Title: You Can Live Forever
MPAA Rating: Not Rated
Director: Mark Slutsky, Sarah Watts
Starring: Anwen O’Driscoll, June Laporte, Liane Balaban
Runtime: 1 hr 36 mins
What It Is: Jaime (O’Driscoll) is a young woman whose mother is having a mental break. When she’s sent to live with her aunt Beth (Balaban) and step-uncle Jean Francois (Antoine Yared). They are Jehovah’s Witnesses, and being as such they expect Jaime to join them for church and adapt to their ways. The only problem is Jaime identifies as a queer person. Something frowned upon and shunned in the JW community. When she meets the preacher’s daughter Marike (Laporte) she’s smitten and maybe just maybe so is the mousy and innocent Marike.
What We Think: There are moments in this film where you dread the shoe from the other foot dropping. Where you think that at any moment this film is going to turn for the worse. That build-up is so well done. When the inevitability of the situation goes as you’d expect this is when the acting does its job so effectively. Credit to O’Driscoll and Laporte they have magnetic chemistry and bring life to these characters. The film itself offers a unique queer tale that also gives greater insight into the JW lifestyle. Balancing someone’s truth with the perceived “truth”. As mentioned an excellent young cast guides this somewhat powerful piece.

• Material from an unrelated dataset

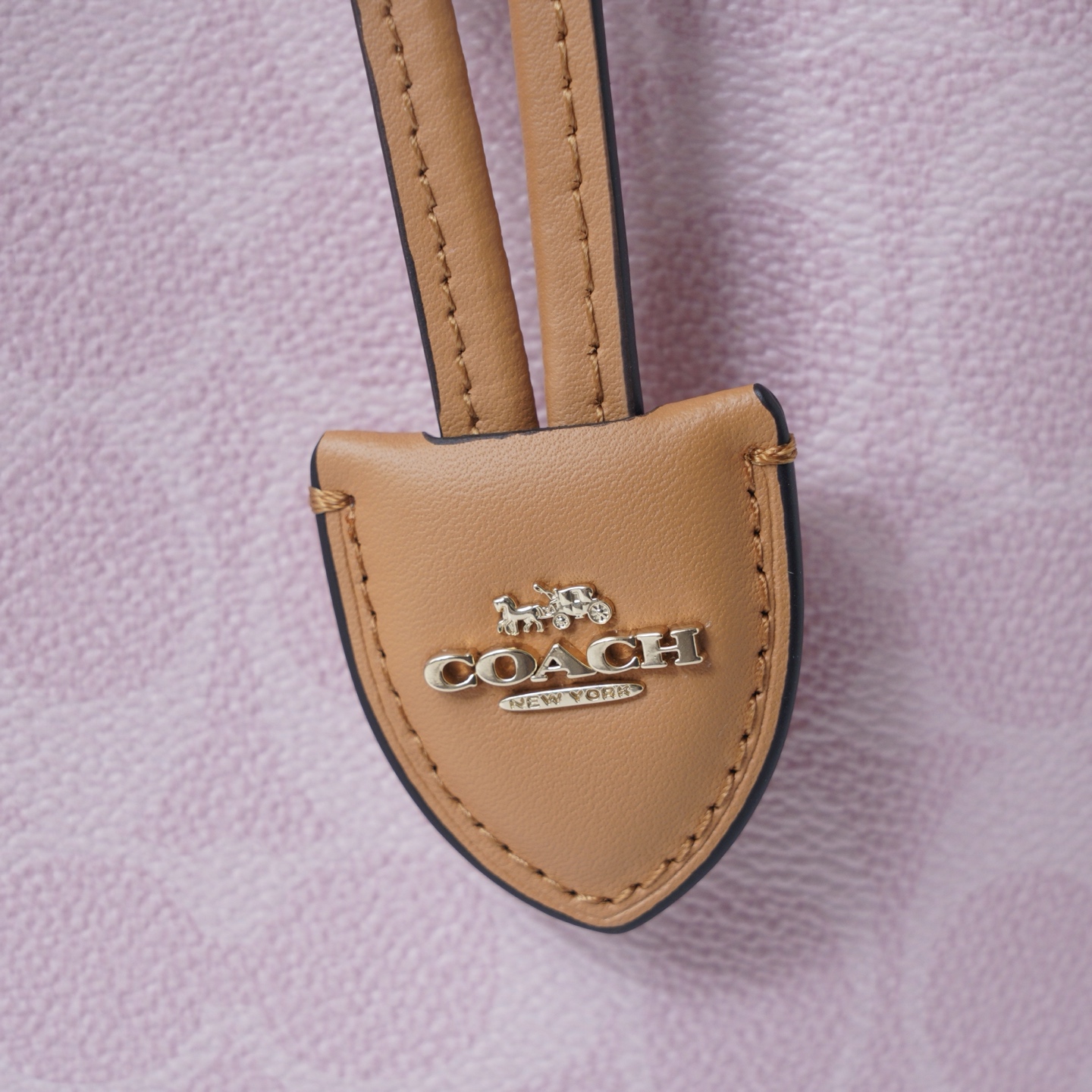 Coach 纯 Coach 蔻驰 CEA23 Rowan系列抽绳单肩斜挎水桶包 子母包 老花配牛皮材质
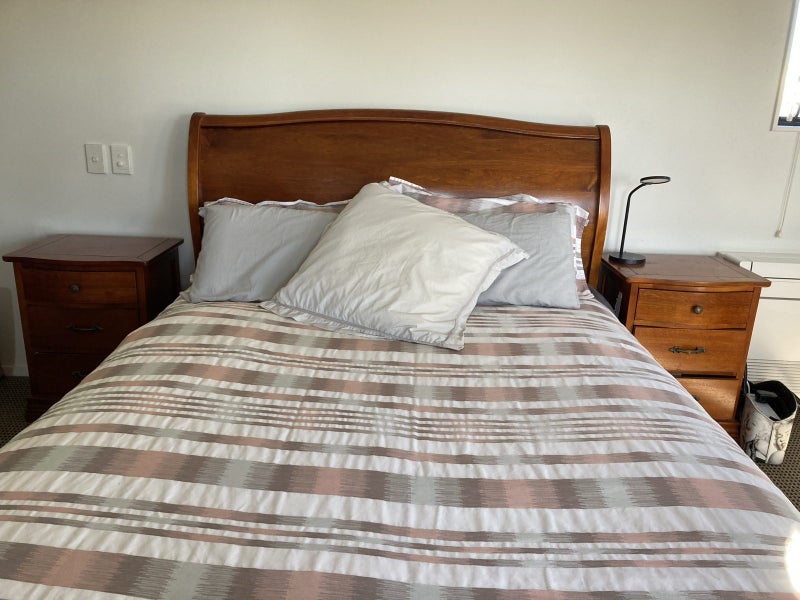 Bed , base & Mattress set- solid wood very good condition Queen size Carousel 2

Our Grade: B-, A fantastic surprise coming out of Tribeca this is one that I didn’t know what to expect. What I got was a film that explores a culture I wasn’t familiar with. It rides that line between the honesty of what they believe without judging those in the lifestyle for making that choice. That’s a fine line and one excellently done by Slutsky and Watts both from the writing and directing perspectives. Check this one out but trigger warning to those who used to be in the “truth”.